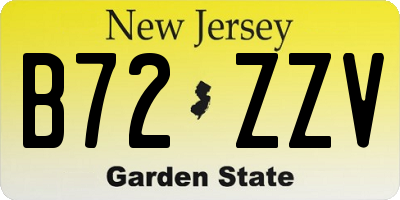 NJ license plate B72ZZV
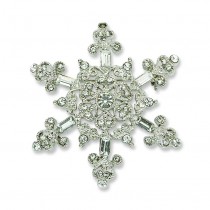 Crystal Snowflake Pin in Silver Plated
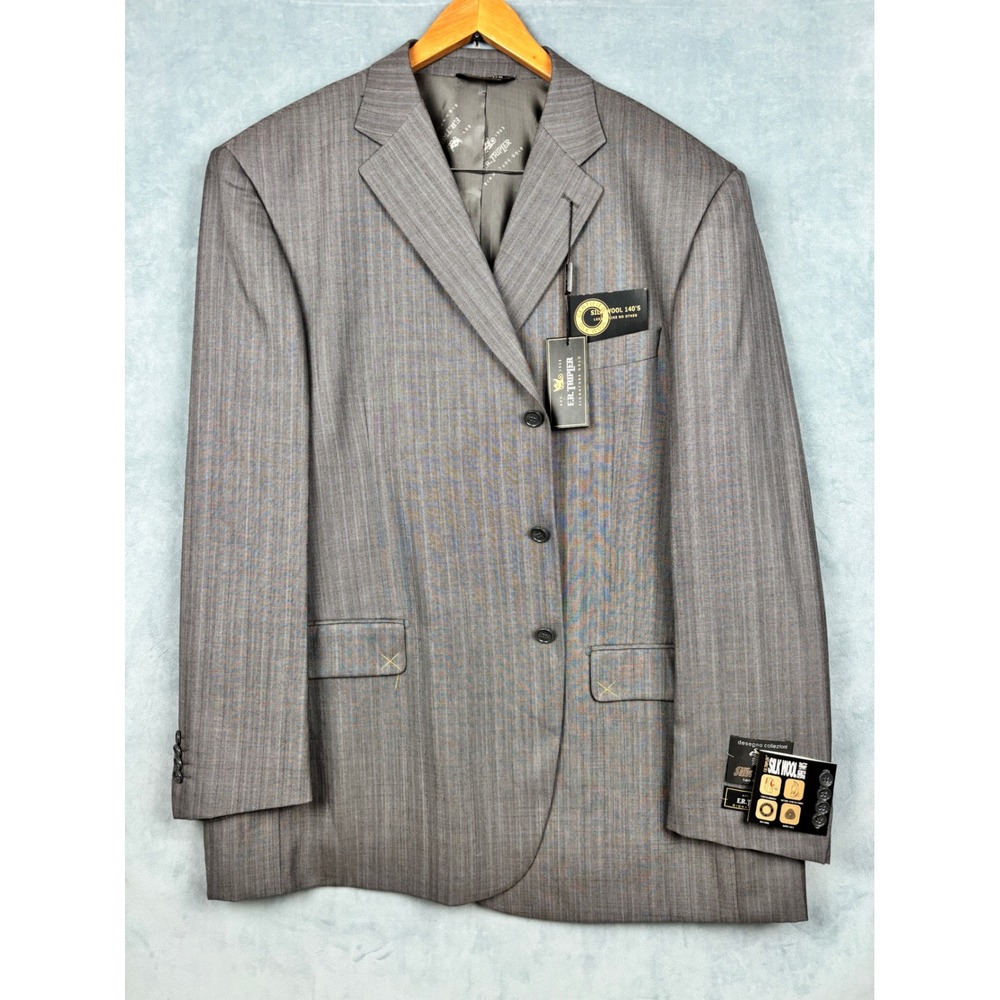 FR Tripler Signature Gold Grey Pinstripe Silk Wool Suit 52R 48W Eiffel SBX3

Your instructions: A word-for-word copy of all the data, without pictures, is the expected output.

Task solution:
 NJ license plate B72ZZV
 Crystal Snowflake Pin in Silver Plated
 FR Tripler Signature Gold Grey Pinstripe Silk Wool Suit 52R 48W Eiffel SBX3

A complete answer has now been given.